Freiwillige Ausreise hat Vorrang vor der Abschiebung
Infos im Kreistagsausschuss: Flüchtlinge integrieren oder ihnen einen Neustart in der alten Heimat ermöglichen
SCHWÄBISCH GMÜND (bt) - Sie kehren freiwillig in ihre Heimatländer zurück, nach China, Pakistan oder Nigeria, weil ihnen hier, im Ostalbkreis, das Rüstzeug an die Hand gegeben wird, im alten Land eine neue Existenz aufzubauen und in Würde zurückzukehren – nicht als Gescheiterte. Sie nähen also, sie kaufen einen gebrauchten Traktor, sie machen sich mit einem von Meisterinnenhand zusammengestellten Frisierkoffer und einem mobilen Friseursalon selbstständig. Sie bauen an, sie nähen, sie verkaufen. Oder sie kehren zu einer Familie zurück, die sie nach entsprechenden Vermittlungsgesprächen wieder aufnimmt. „QUARK“nennt sich das Projekt der Stadt und des Landratsamtes zur Förderung der freiwilligen Rückkehr von Flüchtlingen.
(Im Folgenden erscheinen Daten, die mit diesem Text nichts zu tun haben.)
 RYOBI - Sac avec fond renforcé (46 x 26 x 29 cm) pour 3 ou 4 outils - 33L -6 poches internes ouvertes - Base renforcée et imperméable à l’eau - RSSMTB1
Davon erfuhr der Sozialausschuss des Kreistags in seiner jüngsten Sitzung. Q steht für Qualifizierung, dann folgen Unterstützung, Arbeitsperspektiven, Reintegration und „K“wie Kommunale Rückkehrhilfen. Christiane Ulm für den Landkreis und Hans-Peter Reuter für die Gmünder Stadtverwaltung präsentierten das offenbar erstaunlich erfolgreiche Konzept. Grundsätzlich gilt, dass diese Beratung freiwillig, ergebnisoffen und prozessorientiert ist, erklärte Ulm, die dem Gremium einige Erfolgsgeschichten erzählte – wie die des stolzen Traktorbesitzers, der nun als Sandtransporteur gefragt ist. Ulm zeigte auch auf, dass die Kosten fürs Programm „QUARK“in keinem Verhältnis stehen zu den eingesparten Sozialleistungen – 2016 wurden für 129 ausgereiste Personen insgesamt 20 969 Euro an Reintegrationshilfen ausgegeben, im gleichen Zeitraum wurden 571 000 Euro an Sozialleistungen eingespart.
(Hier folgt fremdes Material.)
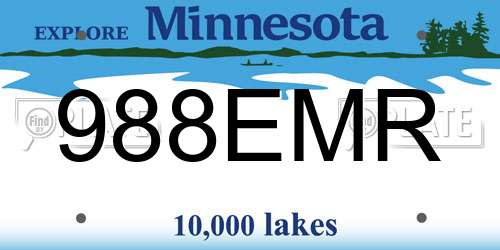 988EMR Minnesota License Plate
Ängste vor der Rückkehr abbauen
Zum einen gelte es, so will es das Konzept, Ängste vor der Rückkehr abzubauen: Intensive Einzel- beziehungsweise Familienberatung, Recherchen im Zielland und die Entwicklung individueller Lebensperspektiven sind Voraussetzung. Ein zweiter wichtiger Punkt ist die Unterstützung bei der Entwicklung einer neuen Lebensgrundlage im Herkunftsland – für den Aufbau eines eigenständigen Lebens ohne öffentliche Mittel und bessere Chancen auf dem Arbeitsmarkt. Damit verbunden sind Anleitungen zur Existenzgründung und Vermittlung von Praktika, Kursen, generell Qualifizierung. Die Vermittlung von Betreuung im Herkunftsland ist für besonders hilfsbedürftige Flüchtlinge nach der Rückkehr gedacht – die Betreuung im Herkunftsland erfolgt dann durch Zusammenarbeit mit Nichtregierungsorganisationen, NGO, zum Beispiel über IntegPlan, BAMF, GIZ oder URA2; je nach Fall wird der Kontakt bereits vor der Ausreise aufgenommen und gegebenenfalls aufrechterhalten.
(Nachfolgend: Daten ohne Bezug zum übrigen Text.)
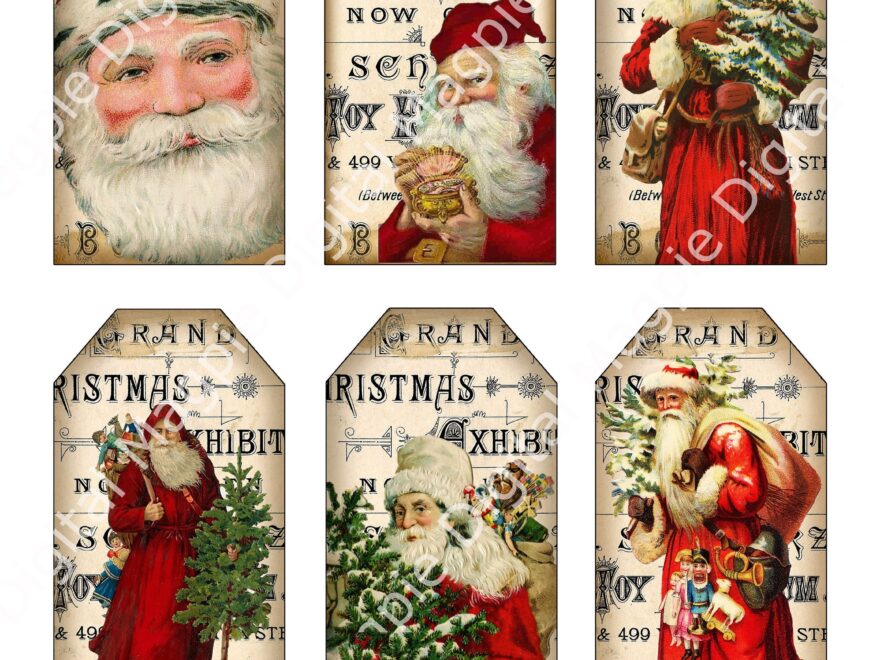 Victorian Christmas Gift Tags Santa Children Vintage Printable Hang Tags Digital Download Instant Download Scrapbook Journal Ephemera Etsy UK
Auch finanzielle Hilfen sind möglich: Passbeschaffungskosten und Übernahme von Zeugnisübersetzungen. Des Weiteren wird bei der Beantragung von Rückkehrhilfen über die „International Organisation for Migration“(IOM) geholfen, verbunden mit der Beantragung von Projektmitteln aus Bundesmitteln für spezielle Länder. Ebenfalls denkbar ist die Aufstockung der staatlichen Beihilfen nach individueller Beurteilung – bei einer bestimmten Familiengröße etwa oder bei besonderen Schwierigkeiten. Im Einzelfall kann durch EU-Mittel oder aus der Landesförderung geholfen werden. Weitere Inhalte der Rückkehrberatung sind die Unterstützung bei der Passbeschaffung, Übersetzung von Dokumenten – insbesondere Schulzeugnisse –, Gespräche mit Eltern und Kindern und medizinische Unterstützung, etwa die Versorgung mit Medikamenten.